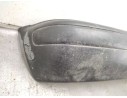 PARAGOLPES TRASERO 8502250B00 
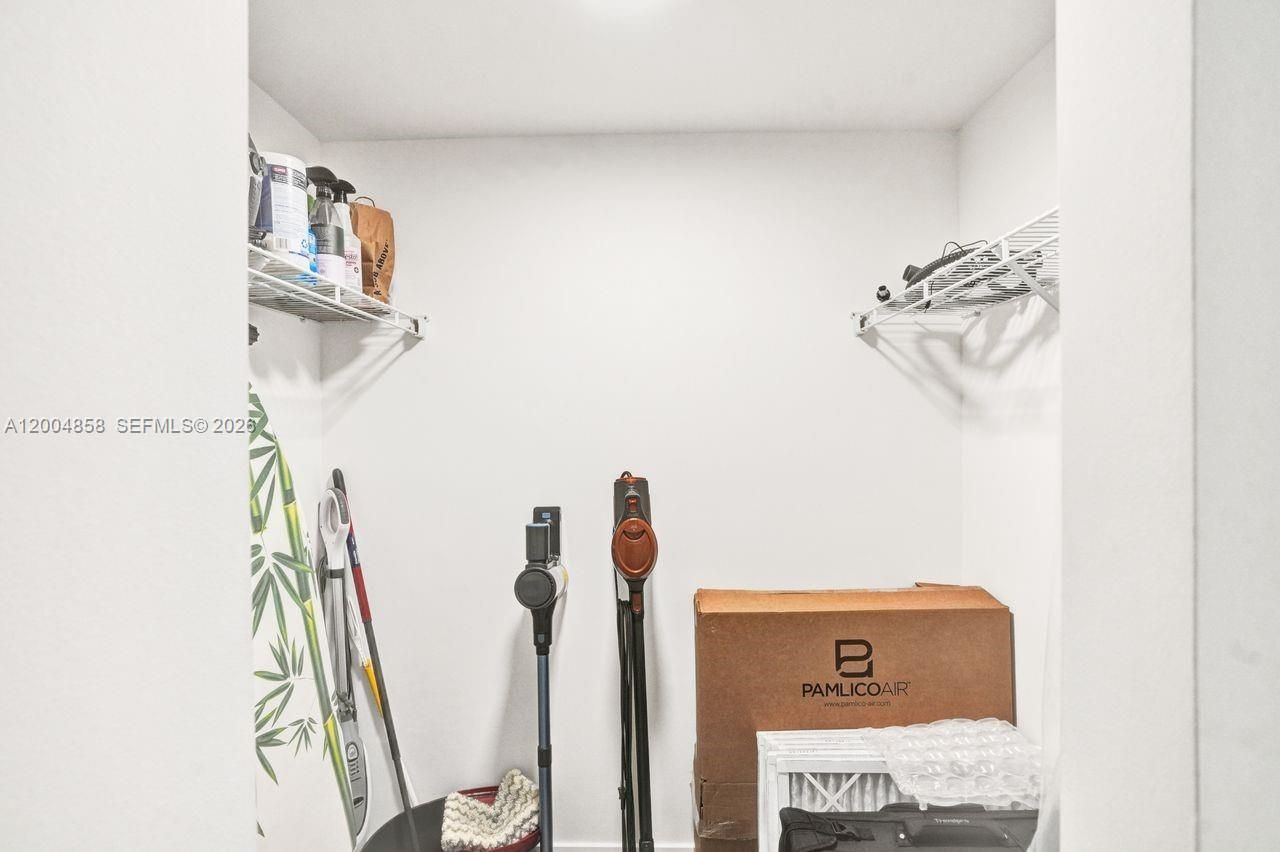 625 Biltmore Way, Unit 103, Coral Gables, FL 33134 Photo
-------
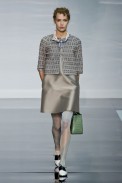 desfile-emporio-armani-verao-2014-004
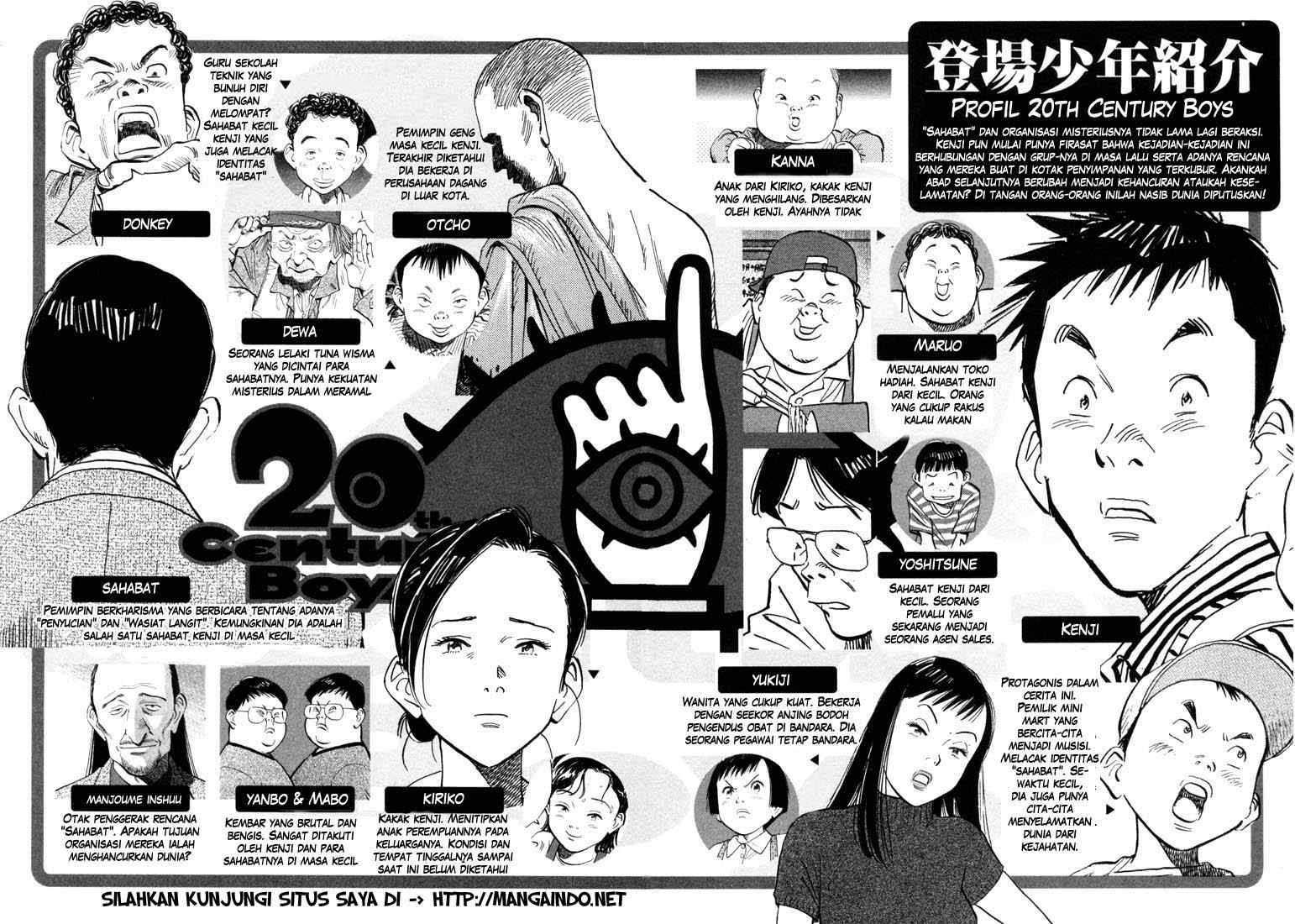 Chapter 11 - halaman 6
-------
Starting with the line that contains "desfile-emporio-armani-verao-2014-004" and finishing with the line that contains "Chapter 11 - halaman 6", reproduce every line of the material above exactly, but not the pictures.

Output below:
 desfile-emporio-armani-verao-2014-004
 Chapter 11 - halaman 6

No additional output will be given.